En dépit de la présence de cet album sur
For4Ears, éminent label de musiques électroniques improvisées, en dépit encore de ses collaborations passées avec
Tomas Korber,
Jason Kahn,
Günter Müller ou
Christian Weber, tous improvisateurs accompagnés de machines, en dépit enfin des sonorités mêmes de ce disque, aiguës, grinçantes, continues, étirées, le percussionniste
Christian Wolfarth joue de ses instruments sans l’ajout de dispositifs électroniques. Et pourtant, il explore une esthétique qu’on pourra qualifier d’électronique par bien des aspects.
D’une part, par la largeur de champ de possibilités sonores dont il est fait démonstration ici : la percussion est là, mais assez peu souvent pulsatile. Volontiers arythmiques et carillonnante plutôt que contondantes et martelantes, les percussions de
Wolfarth s'égrènent en myriades de sonorités dispersées au gré des aléas de l’improvisation. Ailleurs, elles retrouvent les textures d’instruments (a-)tonaux : grincements métalliques, sifflements, granulations, on jurerait que
Wolfarth joue des percussions à partir d’archers divers. Ou qu’il les retraite à partir d’un laptop, ce qu’il ne fait pas, et qui conserve à sa musique son caractère brut, assez peu raffiné ou policé, mâle pour tout dire.

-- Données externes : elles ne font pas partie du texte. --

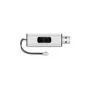 STICK 8GB MEDIARANGE MR914 3.2 Gen 1 Schwarz Silber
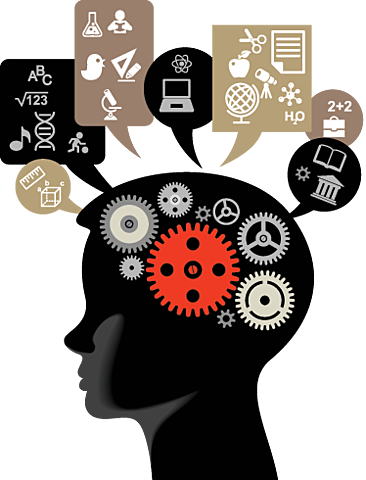 nacimiento del pensamiento racional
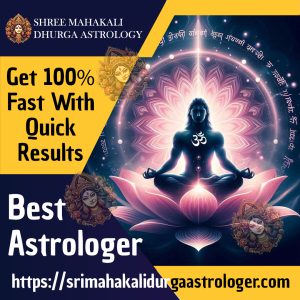 Best Astrologer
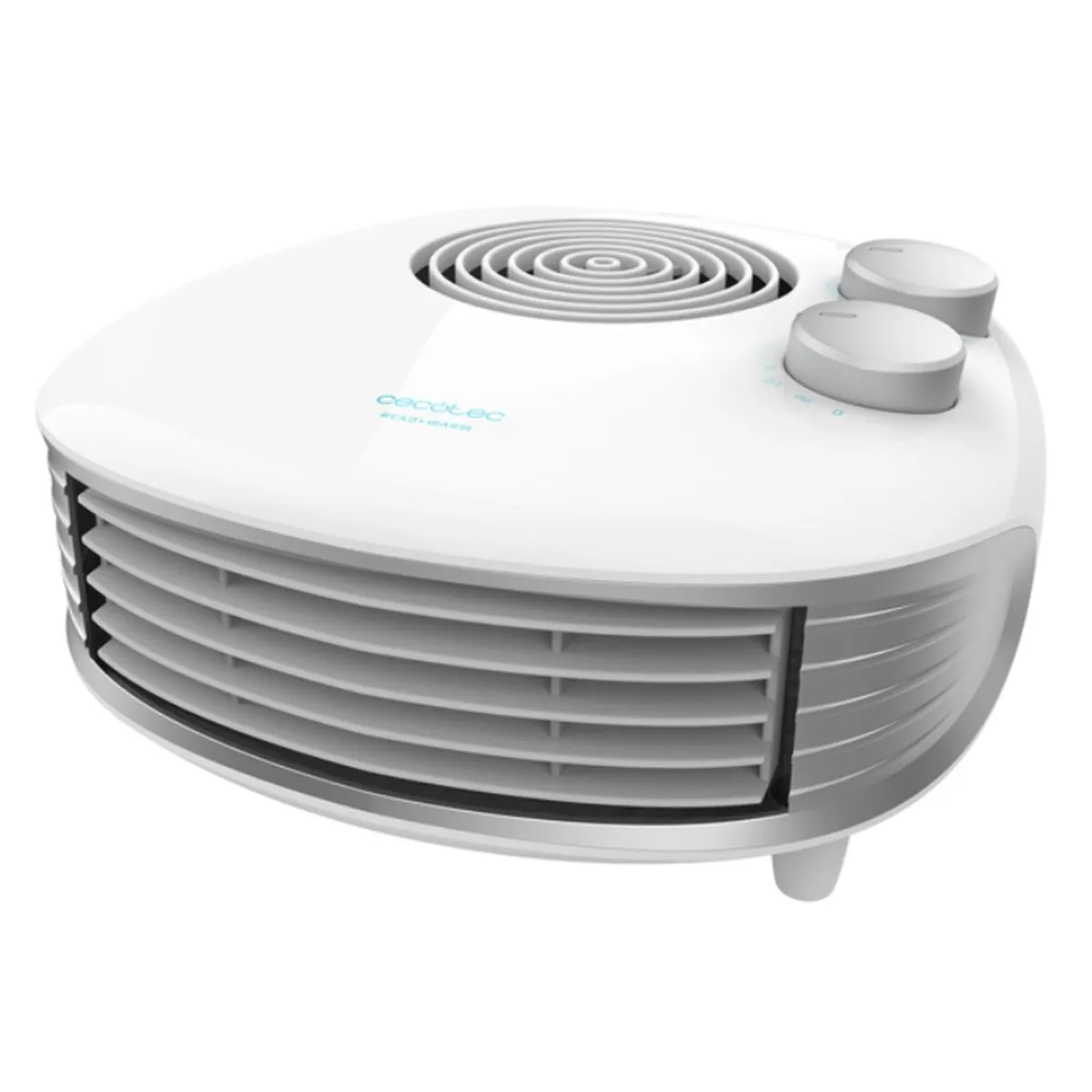 Riscaldamento Portatile Cecotec Ready Warm 9800 2000 W Bianco Nero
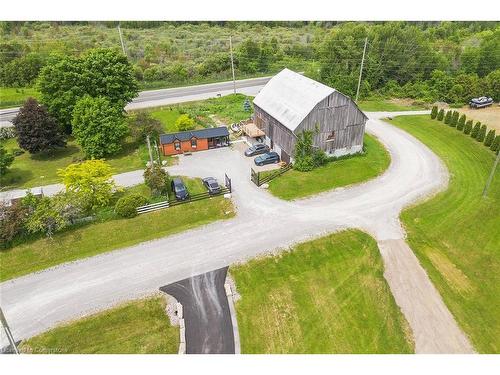 31 Blue Bay Lane, Fenelon Falls, ON - Outdoor With View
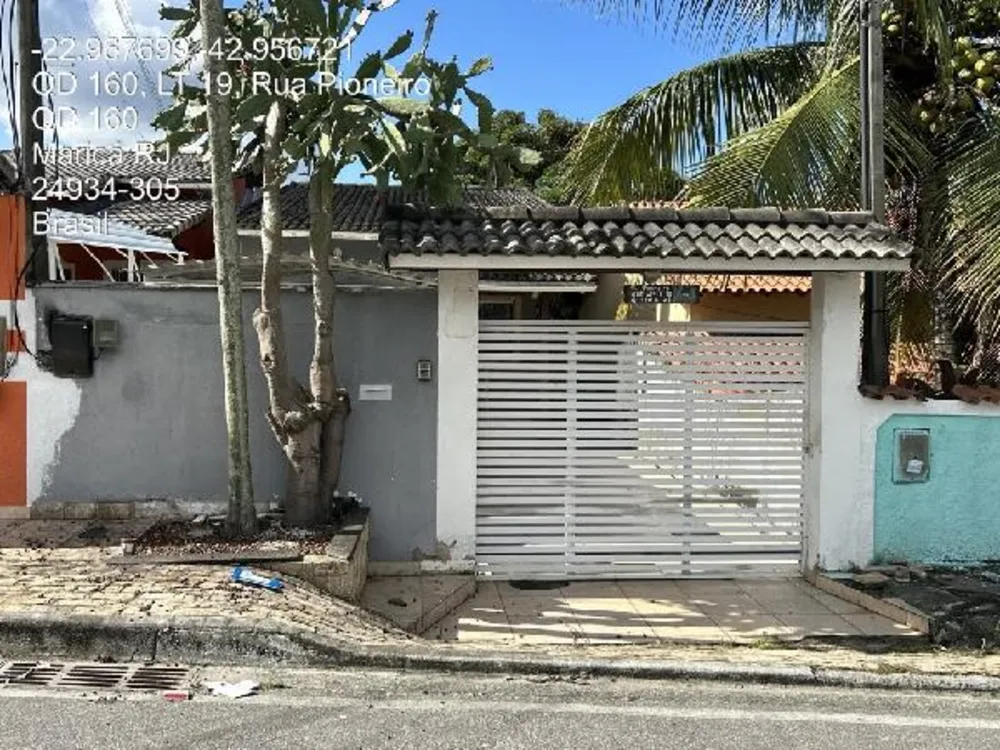 Casa, 2 quartos, 240 m² - Foto 1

D’autre part, par la précision du détail sonore, des variations de tonalités et de timbre, qui laissent entendre que, y compris dans l’improvisation, dans un temps à grande vitesse,
Christian Wolfarth mesure précisément la portée et la sonorité de ses frappes, de ses coups, de ses mouvements. Cette précision même réintroduit contre toute attente une forme d’écriture à l’intérieur de l’improvisation (si on expulse le hasard de la musique improvisée, est-ce qu’elle ne devient pas une musique écrite ?). D’autant plus que ce
Wolfarth, portrait de l’artiste en improvisateur simple, l’une des rares productions du monsieur en solo, le révèlent à son point de concentration le plus fort : l’artiste dans sa sévère solitude, son rigoureux ermitage intérieur.